La seconda riguarda l’avvio di un confronto con il Comune di Trieste per individuare uno spazio alternativo adeguato, che permetta al Mini Mu di proseguire la propria attività senza disperdere il patrimonio educativo costruito in quasi vent’anni di lavoro.
Il richiamo alla normativa sul Terzo settore
Il Gruppo Immagine, promotore della petizione, richiama inoltre l’attenzione sulla normativa nazionale sul Terzo settore, in particolare sull’articolo 55, rafforzato da una sentenza della Corte Costituzionale del 2020.

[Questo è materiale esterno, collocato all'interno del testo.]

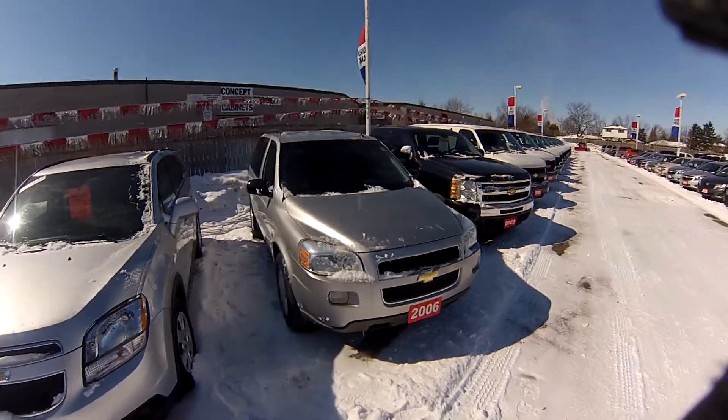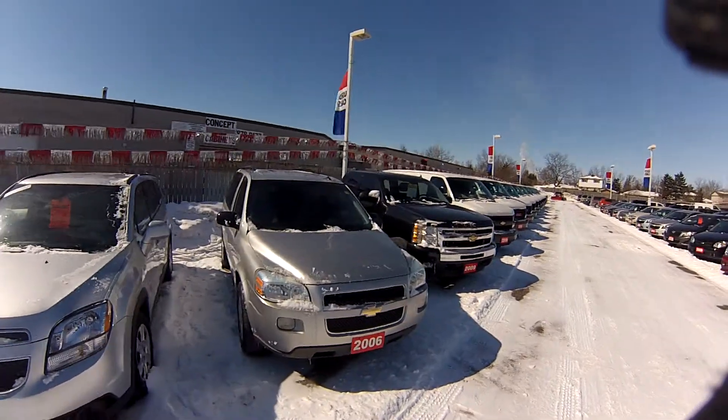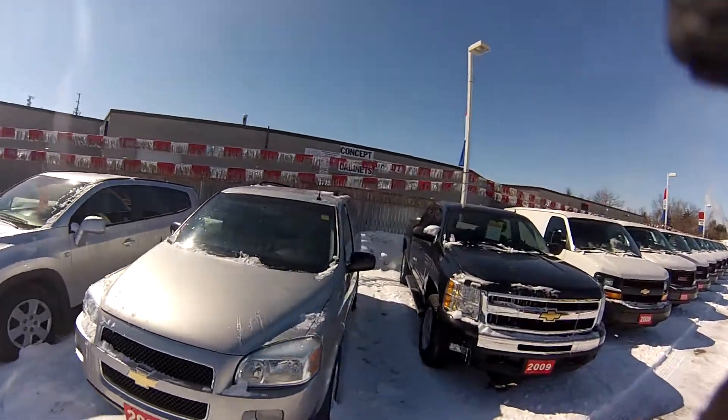Thanks for stopping by on the Wallace Chev YouTube channel. We're checking out a 2006 Chevrolet Uplander with 156,113 kilometers on it.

Secondo questa normativa, le pubbliche amministrazioni dovrebbero attivare percorsi di dialogo, co-programmazione e co-progettazione con le realtà del territorio.
“Un confronto strutturato con l’associazione che gestisce il museo e con la comunità che lo sostiene – sottolinea Massolino – sarebbe stato non solo opportuno, ma coerente con lo spirito della normativa che promuove la collaborazione tra istituzioni e realtà sociali”.
“Parliamo di un’esperienza che ha coinvolto migliaia di bambine e bambini e che rappresenta un presidio culturale importante per la città: crediamo che sia possibile trovare una soluzione ragionevole che permetta al Mini Mu di continuare a esistere”.
Una raccolta firme aperta ai cittadini
La petizione è ora aperta alla firma di cittadine e cittadini che intendono sostenere la richiesta di una soluzione che permetta di salvaguardare il Mini Mu, una realtà educativa e culturale che da anni rappresenta un punto di riferimento per l’infanzia e per il mondo della scuola a Trieste.